As I have been planning my wedding, some things have come to light. The main one is that most things a person does for a wedding is not for themselves. It is for other people. My wants do not necessarily come into play here. Now, I'm not talking about my wants for colours and flowers and times and things. I'm talking about my wants for who is present, what people give, who is invited, what happens, etc. My wants have not always been top priority in these things.
I'm a fairly easy going bride. I don't much care what happens on the day. As long as 1) I don't fall on my face, 2) the wedding starts on time, 3) no one wears Rider jerseys, 4) the building doesn't burn down, 4) no one dies, and 5) I am actually married by the end of the whole thing, I don't care what details occur.
I keep hearing "but it's your wedding". They tell me to be selfish, to make it about me, but that does not seem to be how it works. Maybe that's how it works for other people.

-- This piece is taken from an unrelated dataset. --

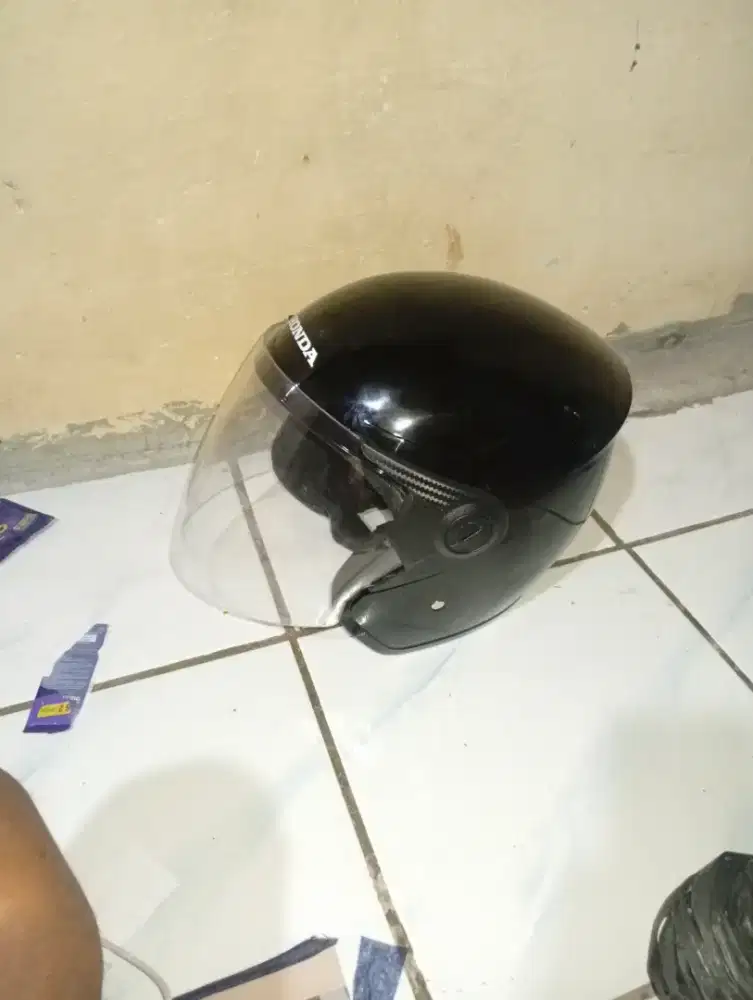 Helm honda. Ukuran L udh ada moncong blakang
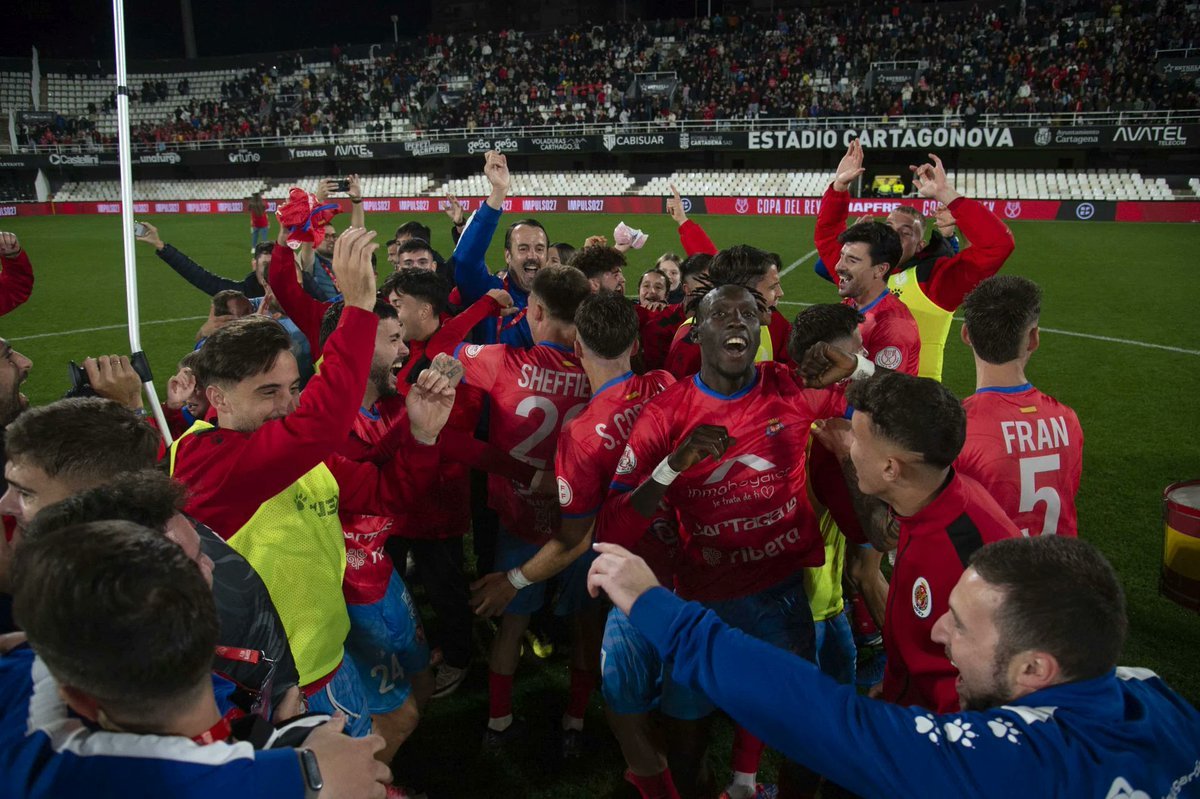 La plantilla de la Deportiva Minera celebra el pase anterior de Copa logrado ante el Deportivo Alavés. Fuente: La Verdad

I guess it could be. If I was mean about it. If I said "NO. This is what I am doing and you can bite me." But then someone will be disappointed. I don't like to disappoint people. It's not in me. I mean, unless I can scandalously disappoint people. That's entirely different. I have said "No" in some cases, but I can see the look of disdain on people's faces when I say "No, I don't want gifts, so I did not get registered." or "No, I'm wearing red shoes to the wedding". But in some places, it's not in me to say no.
People have wonderful intentions. They want to show me how much they care. How important I am to them. But some, they want to show others how important they are and how vital they are in my life because they can plan things for me and help me and do things. And they all mean well. I know they do. But the road to hell, right?
Then there are some people who would like to be included because of how important my mother was to them. People who "would be so hurt" if they weren't invited to the bridal shower. People who have been "so important" in Mom's life. People who disappeared the minute Mom died and have never called or talked to us since.
So I will have a bridal shower full of people who are getting one more chance to be near Mom by watching me go through something that, by all rights, my mother should be in attendance at. I will smile and visit and say how nice it is to see them and they will get teary because I sound just like her. I will enjoy myself for the most part, but a small part of me will be angry that these people will be there and my mother won't.